GO! GO! 嵐山 2

埼玉県比企郡嵐山町の記録アーカイブ

菅谷中学校舎落成記念座談会 2 1950年7月

2009年10月15日 | 報道・論壇

 司会者 最後に立派な学校ができましたのでこの学校に相応しい教育を如何にすべきかについてお話願いたい。今日は生憎この学校の先生がをりませんので簾藤先生から。
 簾藤 さうですね、中学校経営の一部を担当してゐる立場から一般的に述べてみたいと思います。以前の教育は生徒の立場からすれば学問で苦しめられ運動で苦しめられた。練成や修練で個性を制限されることがいいとされていた。これは日本人の人生観であり、社会観であつた。然しこれからの教育は生徒一人一人が学問を楽しみ、生活を楽しみ、人生を楽しむやうにしむけて行かねばならぬ。かうするためにはこれにふさわしい社会環境、教育環境が必要である。学校の施設として校舎は勿論必要であるが、生活を楽しむためにはそれに必要な最小限の施設を備へなければならない。今日一巡してみまして各教室に学級文庫などある様ですが、私の立場からすれば図書の充実は校舎の次に最も多くの費用をかけていただくのがいいのであろうと思はれる。生徒が毎日放課後図書館で自由に本を読んでゐる姿を見ると過去の自分たちの練成の時代に比して非常に真摯な姿がみられる。図書館の充実は何が何でもしてもらいたいと思う。その他雑多な施設はありますが経済界の変転で強ひて申上げることもできないが…。学校で請求する教育費は予算の何割しか獲得できない。それでPTAその他の傍系団体に三拝九拝して金をもらつている。教育費は正常なルートでもらわれねばならない。三拝九拝して金をもらつてゐる様では文化の向上とか人間の理想とする信念の教育はできないのではないか。
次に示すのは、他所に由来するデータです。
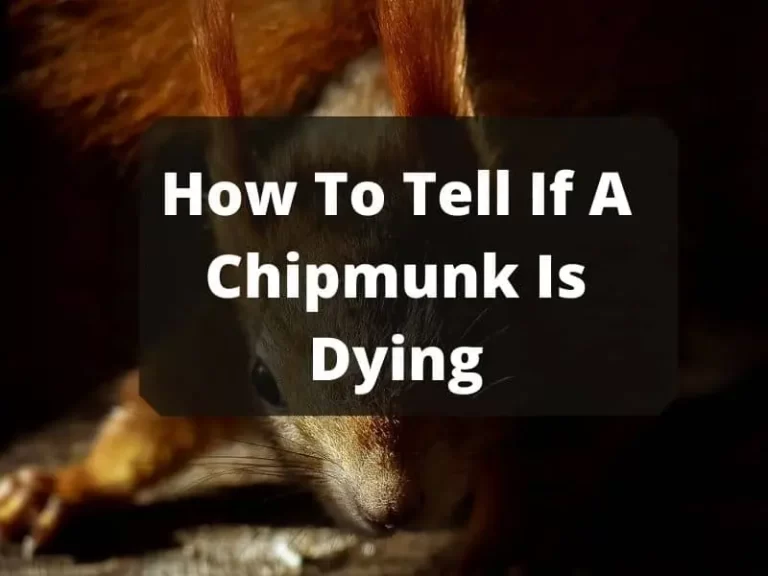 How To Tell If A Chipmunk Is Dying? Precious Tips & Detailed Overview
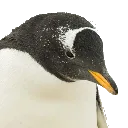 Sadpengu Discord Emoji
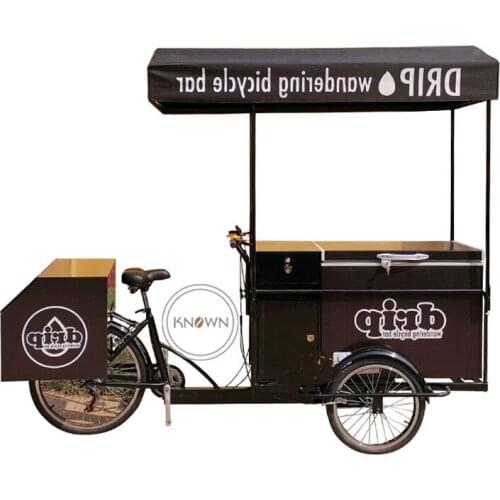 Summer Street Popsicle or Ice Cream Selling Cart Fast Food Hot Dog Cargo Bikes Fruit Vending Gourmet Bicycle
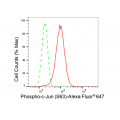 LifeSab™ Phospho-c-Jun (S63) Rabbit mAb (20 μl)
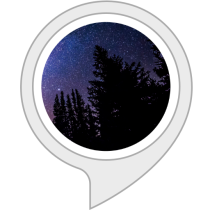 Sleep Sounds: Forest Night Bot for Amazon Alexa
国会に提出される標準教育費法には皆様の御協力を願いたい。指定寄附によつて教育の為には村民全部が費用を負担することを自覚してもらつて正常の道をとつて教育費を支弁してもらふ様にしたい。
 大野 具体的な問題を考えてみたい。この席上に先生がいないことは残念だが…。菅谷の学校は今まで物置に居たりして非常に悪い環境にあつた。然しよい成績をとつている。入学率(高等学校えの)もいい。小川え入学した生徒の平均点は菅谷が一番、松山でも一番であつた。かうしたいい環境ができたので勉強も張合ひがでる。運動も環境がよくなつてゐるから今後更に充実する様努力してもらいたい。先生にも骨折つていたゞいて更に名声をあげてもらいたい。松高で英語の試験をしたら小川中学が断然他を引き離してゐた。これは先生の力の入れ方が学校そのものゝ力の入れ方であろうと思われる。今年菅谷の成績がよかつたのは先生の努力をかつてやりたい。村民も協力して学校のため教育のため努力してもらいたい。PTAに三拝九拝することではいけない。村民はできるだけ環境をよくする様努力するのは当然だと思う。まだまだ特別教室もつくらなければならないことは村当局としても考えているし…。
 中島(照) こゝに先生がいなくてはなんですが…村民からの意見として「二、三年は全部新校舎え入れてくれるわけだつたんださうですが家の子は入れてもらへないで職員室に使われてしまつた」というんですが。
 高橋 環境の問題だが…。落成式の時に村長さんから話しもあつたが「モダン」ば明るい教室で歴史的な伝統もあるし運動場も広い、かういうことが生徒に優越感を持たせるに至るのだと思う。最近マンガ教育というのがあるが簾藤先生マンガはどういう効果を持つているんでせうか。
 簾藤 出版屋は営利会社ですから…然し長い目でみるとマンガの期間は長く続かない。徹底的に駆逐しろという人もいるし、読書生活の一過程として許されるという人もいるので一概に云へませんが私は後者の立場を認めたい。
 吉野(松) 本を読む習慣づけるための一つの過程ではないか。
 加藤 マンガをみると正規な本が見られなくなる。
 簾藤 戦争の末期的現象としてよくまとまったものを読む気がしなくなるのではないか。世相のあらはれがマンガにもあらわれるのではないか、そこに読書指導図書館の設催などが必要になつてくるのだと思う。受験準備は絶対にいかんという規則があるのでこれを如何にして切り抜けるかに大きな問題がある。小川中学は学級編成の際受験組とさうでないものとを純然と分けてしまつた。運動部は解消するということまでして…。
 村長 図書の充実はまことに結構ですが校長に私はかういうことをお願いしてゐる。学校で必要とする経費は恐らく各村ともひらきがある。学校で必要とする経費をやつてもどこまで有効に使へるか?うまく使うのは校長の腕でそれを予算書通りにとらわれゝば分捕主義になり焼け石に水となつてしまふ。まとめてものを買うのには特別な予算でももらふかしなければならない。これを重点的にやつてゆけばできるのではないか、二年三年という先の計画をたててやつて行くならば少い予算でもやつてゆけるのではないか、追加予算を校長は簡単に考えてゐる。
 簾藤 社会教育委員会の方で村立図書館の経費を幾らかづつでも計上してもらつて中学と合併してもらつたら図書も充実してゆくのではないかと思う。
 大野 学校は必要な経費をどんどん要求してもらいたい。村会ではこれらのものを取捨選択するから、競技場の問題でもせまいから米山さん買はうぢやないかと相談したら米山さんも何とかなるだろうという自信を持つてゐるというので村長だか校長に申入れたらあれで十分だと云つた。我々の心配はすつかり現実となつた。作り上げてしまつてからせまいとは何ごとだということになる。
 村長 校長に話したらあれぢゃせまくて駄目だと云うことを云つてゐる。
 大野 校長の云ひ方が気にいらない。菅谷は郡の中心であるから先生も生徒も自信をもつて運動できるやうにしたい。少くとも正式なテニスコート、バレー、バスケットのコートを作つてやりたいと念じてゐた。
 司会者 大分時間もたちましたので、このへんで終りたいと思います。